MÉXICO (The New York Times).- Durante mucho tiempo circunscrita a lo largo de la frontera Norte, la guerra contra las drogas en México se está intensificando en zonas del Centro y del Sureste que antes se pensaba libres de la carnicería, lo cual amplía un conflicto que de suyo ya abruma a las autoridades y desalienta a la sociedad, de acuerdo con analistas y nuevas cifras oficiales.
La semana pasada, dos cuerpos decapitados fueron hallados en una camioneta quemada cerca de la entrada de uno de los centros comerciales más grandes y lujosos de esta capital, considerada como refugio de las atrocidades que asuelan a otras ciudades.
Otras dos ciudades que hasta hace seis meses eran consideradas seguras -Guadalajara y Veracruz- han registrado episodios de brutalidad: el año pasado fueron dejados 26 cadáveres en el corazón de Guadalajara, en vísperas de la más prestigiada feria de libros de Iberoamérica; y el mes pasado toda la fuerza policíaca de Veracruz fue cesada, luego de que autoridades estatales determinaron que era demasiado corrupta para patrullar una ciudad donde fueron arrojados 35 cadáveres en céntrica vía.

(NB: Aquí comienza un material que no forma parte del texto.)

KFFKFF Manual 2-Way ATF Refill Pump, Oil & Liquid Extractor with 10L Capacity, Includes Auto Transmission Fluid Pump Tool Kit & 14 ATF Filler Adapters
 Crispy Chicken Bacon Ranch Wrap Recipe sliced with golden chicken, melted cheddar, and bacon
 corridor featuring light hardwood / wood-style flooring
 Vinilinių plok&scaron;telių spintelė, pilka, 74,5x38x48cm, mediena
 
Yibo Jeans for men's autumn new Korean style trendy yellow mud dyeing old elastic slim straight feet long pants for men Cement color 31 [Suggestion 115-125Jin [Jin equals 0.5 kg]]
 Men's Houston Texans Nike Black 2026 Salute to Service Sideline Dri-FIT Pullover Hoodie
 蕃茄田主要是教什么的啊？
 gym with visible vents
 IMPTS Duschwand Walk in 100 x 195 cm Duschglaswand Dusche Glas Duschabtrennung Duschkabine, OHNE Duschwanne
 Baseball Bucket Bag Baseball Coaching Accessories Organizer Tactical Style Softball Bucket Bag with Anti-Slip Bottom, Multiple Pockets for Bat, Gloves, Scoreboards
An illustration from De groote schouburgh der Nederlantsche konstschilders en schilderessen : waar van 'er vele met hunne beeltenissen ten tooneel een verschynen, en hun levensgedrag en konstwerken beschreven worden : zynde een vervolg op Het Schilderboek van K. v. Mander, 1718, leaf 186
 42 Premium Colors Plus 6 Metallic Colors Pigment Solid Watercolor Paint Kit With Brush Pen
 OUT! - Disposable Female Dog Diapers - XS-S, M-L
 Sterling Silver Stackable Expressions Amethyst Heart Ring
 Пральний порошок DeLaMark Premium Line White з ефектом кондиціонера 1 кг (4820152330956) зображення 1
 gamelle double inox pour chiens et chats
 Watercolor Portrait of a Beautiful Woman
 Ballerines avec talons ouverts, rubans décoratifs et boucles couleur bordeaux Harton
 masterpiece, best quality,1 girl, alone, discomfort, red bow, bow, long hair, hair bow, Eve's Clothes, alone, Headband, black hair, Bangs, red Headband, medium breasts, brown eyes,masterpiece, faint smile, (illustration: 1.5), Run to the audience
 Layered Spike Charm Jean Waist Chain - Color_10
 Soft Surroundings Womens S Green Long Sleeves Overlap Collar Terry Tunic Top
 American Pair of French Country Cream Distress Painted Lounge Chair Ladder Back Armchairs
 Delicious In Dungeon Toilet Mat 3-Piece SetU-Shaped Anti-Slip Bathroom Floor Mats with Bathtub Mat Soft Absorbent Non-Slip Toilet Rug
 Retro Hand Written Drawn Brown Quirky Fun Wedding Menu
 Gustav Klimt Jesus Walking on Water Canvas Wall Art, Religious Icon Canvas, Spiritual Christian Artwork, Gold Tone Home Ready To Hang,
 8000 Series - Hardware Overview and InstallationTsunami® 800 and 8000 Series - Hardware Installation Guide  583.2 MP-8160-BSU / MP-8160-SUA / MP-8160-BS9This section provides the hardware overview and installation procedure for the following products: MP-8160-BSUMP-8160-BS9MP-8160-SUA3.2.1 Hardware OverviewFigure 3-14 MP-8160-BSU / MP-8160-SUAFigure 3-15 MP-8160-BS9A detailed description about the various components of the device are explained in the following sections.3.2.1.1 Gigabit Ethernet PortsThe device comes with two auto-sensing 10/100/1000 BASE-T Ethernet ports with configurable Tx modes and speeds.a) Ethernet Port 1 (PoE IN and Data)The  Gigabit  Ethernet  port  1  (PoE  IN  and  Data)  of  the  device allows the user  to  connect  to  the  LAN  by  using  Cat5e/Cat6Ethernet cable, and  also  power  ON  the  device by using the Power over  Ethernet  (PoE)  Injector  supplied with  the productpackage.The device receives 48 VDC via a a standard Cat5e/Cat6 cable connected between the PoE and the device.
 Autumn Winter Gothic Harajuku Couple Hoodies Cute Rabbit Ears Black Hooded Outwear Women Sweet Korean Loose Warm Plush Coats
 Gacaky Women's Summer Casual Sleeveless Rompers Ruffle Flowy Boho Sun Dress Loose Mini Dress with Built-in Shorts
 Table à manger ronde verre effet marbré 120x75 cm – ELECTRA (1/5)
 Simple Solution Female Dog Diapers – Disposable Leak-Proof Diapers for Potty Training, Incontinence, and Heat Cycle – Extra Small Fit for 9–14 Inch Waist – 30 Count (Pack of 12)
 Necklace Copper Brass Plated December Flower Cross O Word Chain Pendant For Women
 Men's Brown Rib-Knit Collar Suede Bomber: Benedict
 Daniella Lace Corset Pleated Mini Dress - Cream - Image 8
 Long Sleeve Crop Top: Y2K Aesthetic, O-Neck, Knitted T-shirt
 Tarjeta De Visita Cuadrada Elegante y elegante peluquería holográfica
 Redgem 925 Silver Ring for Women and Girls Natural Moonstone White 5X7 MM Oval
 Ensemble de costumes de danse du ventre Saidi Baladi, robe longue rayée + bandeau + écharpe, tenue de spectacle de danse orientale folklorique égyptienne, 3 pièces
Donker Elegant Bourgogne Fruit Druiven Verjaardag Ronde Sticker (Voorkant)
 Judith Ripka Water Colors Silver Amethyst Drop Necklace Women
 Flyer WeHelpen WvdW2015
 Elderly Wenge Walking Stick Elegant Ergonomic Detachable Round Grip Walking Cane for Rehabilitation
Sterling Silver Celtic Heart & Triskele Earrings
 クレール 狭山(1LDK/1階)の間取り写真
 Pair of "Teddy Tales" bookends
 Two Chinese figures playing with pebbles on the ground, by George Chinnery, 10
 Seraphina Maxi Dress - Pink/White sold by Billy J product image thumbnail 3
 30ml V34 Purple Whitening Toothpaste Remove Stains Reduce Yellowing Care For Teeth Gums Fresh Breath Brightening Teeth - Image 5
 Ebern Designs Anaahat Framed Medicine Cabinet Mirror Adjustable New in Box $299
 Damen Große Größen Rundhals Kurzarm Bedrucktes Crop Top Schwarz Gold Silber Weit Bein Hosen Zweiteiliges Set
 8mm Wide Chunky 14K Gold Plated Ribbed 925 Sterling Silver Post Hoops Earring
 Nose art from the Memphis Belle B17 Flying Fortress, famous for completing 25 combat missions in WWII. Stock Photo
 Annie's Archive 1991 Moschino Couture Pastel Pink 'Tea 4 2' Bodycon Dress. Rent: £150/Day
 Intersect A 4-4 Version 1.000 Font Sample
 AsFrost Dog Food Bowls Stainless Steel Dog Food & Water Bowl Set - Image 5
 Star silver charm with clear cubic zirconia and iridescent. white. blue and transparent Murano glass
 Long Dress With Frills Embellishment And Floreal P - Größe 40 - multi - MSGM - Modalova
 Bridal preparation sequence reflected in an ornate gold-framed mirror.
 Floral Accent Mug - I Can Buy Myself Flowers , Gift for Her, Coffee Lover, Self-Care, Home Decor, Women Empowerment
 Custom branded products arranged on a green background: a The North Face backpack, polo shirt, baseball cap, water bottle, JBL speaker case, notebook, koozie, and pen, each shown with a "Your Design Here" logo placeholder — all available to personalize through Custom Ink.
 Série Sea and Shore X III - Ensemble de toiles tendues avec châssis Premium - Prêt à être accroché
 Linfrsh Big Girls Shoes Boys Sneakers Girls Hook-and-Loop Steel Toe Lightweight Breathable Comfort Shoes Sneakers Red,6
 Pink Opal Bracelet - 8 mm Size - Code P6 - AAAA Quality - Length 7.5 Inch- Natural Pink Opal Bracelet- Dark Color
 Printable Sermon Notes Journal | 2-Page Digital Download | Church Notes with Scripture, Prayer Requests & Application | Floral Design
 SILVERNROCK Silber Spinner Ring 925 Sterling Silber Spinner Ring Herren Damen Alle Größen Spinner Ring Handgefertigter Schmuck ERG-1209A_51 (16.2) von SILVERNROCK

La propagación de la violencia, que se atribuye en parte a una intensificación de la guerra territorial entre las dos mayores bandas criminales del país, tiene implicaciones de uno y otro lado de la frontera, y eleva la presión sobre las autoridades, que luchan por mostrar que sus estrategias dan resultados.
"La situación se hace cada vez más compleja", afirmó Ricardo Ravelo, periodista mexicano que ha escrito varios libris sobre organizaciones criminales. "Se están estirando los recursos para afrontar esto, y así seguirá".
Autoridades estadounidenses reconocen que aunque la situación es impredecible, hay maneras de ayudar a afrontarla, al poner más énfasis en que, dentro de la Iniciativa Mérida -a la que Washington aporta 1,600 millones de dólares-, este año se reforzará el entrenamiento y la asesoría a las policías locales e instituciones judiciales, en lugar de destacar la entrega de helicópteros y otros equipos.
En un año en el que el partido del presidente Felipe Calderón Hinojosa podría pasar apuros por mantenerse en el poder en las elecciones de julio, la creciente violencia da mucho fuelle a los políticos rivales, todos los cuales prometen un país más tranquilo.
Estadísticas oficiales dadas a conocer la semana pasada muestran un aumento en las muertes relacionadas con el crimen organizado en el Estado de México, que rodea a la capital y es el más poblado del país. Las cifras muestran que en los primeros nueve meses del año pasado la violencia afectó a 831 comunidades, un aumento de 7%.Algunos analistas coinciden en que la violencia se está extendiendo. "Ha habido un cambio de la violencia, alejándose de la frontera y de vuelta a estados del interior", sostuvo David A. Shrik, director del Instituto Trans-Fronterizo de la Universidad de San Diego, California. En cierta forma este cambio, dijo, es un drástico giro de la tendencia hasta hace seis años, cuando explotó la violencia en los estados norteños y migró a lo largo de las rutas del narcotráfico, acelerando una guerra antidrogas que ha dejado más de 47,000 muertos.En respuesta a ese estallido, el gobierno mexicano desplegó al Ejército y la policía federal, logrando el arresto o muerte de dos docenas de líderes de carteles. La violencia perdió impulso en muchas zonas fronterizas, incluida Ciudad Juárez, la más sangrienta, donde han caído los homicidios. Funcionarios mexicanos dicen que esto demuestra que su estrategia está funcionando, pero analistas lo atribuyen más bien a que una banda se impuesto a la otra, lo que reduce la competencia y las masacres que conlleva.En cuanto a la violencia en otras zonas -la sureña Acapulco es hoy la segunda más violenta- también podría reflejar el cambiante mapa de la lucha entre grupos rivales.
La guerra por las drogas se vuelve cada vez una lucha a muerte entre el cartel de Sinaloa y el grupo de "Los Zetas", según opinan Shrik y otros analistas. Un tercer grupo, el cartel del Golfo, permanece bien armado y listo para atacar de vez en cuando.Muchos choques han sido en zonas del centro o del sureste donde antes no habían peleado con tal violencia estas bandas, agregan los analistas. George W. Grayson, veterano analista de México y coautor de un libro sobre "Los Zetas" próximo a publicarse, afirma que este grupo ya se extendió a 17 estados, de 14 el año pasado.Expertos dicen que es poco probable que la ciudad de México, por su tamaño, complejidad y policía mejor entrenada, caiga en los niveles de otras zonas, pero ya hay señales de alarma de que la violencia se acerca.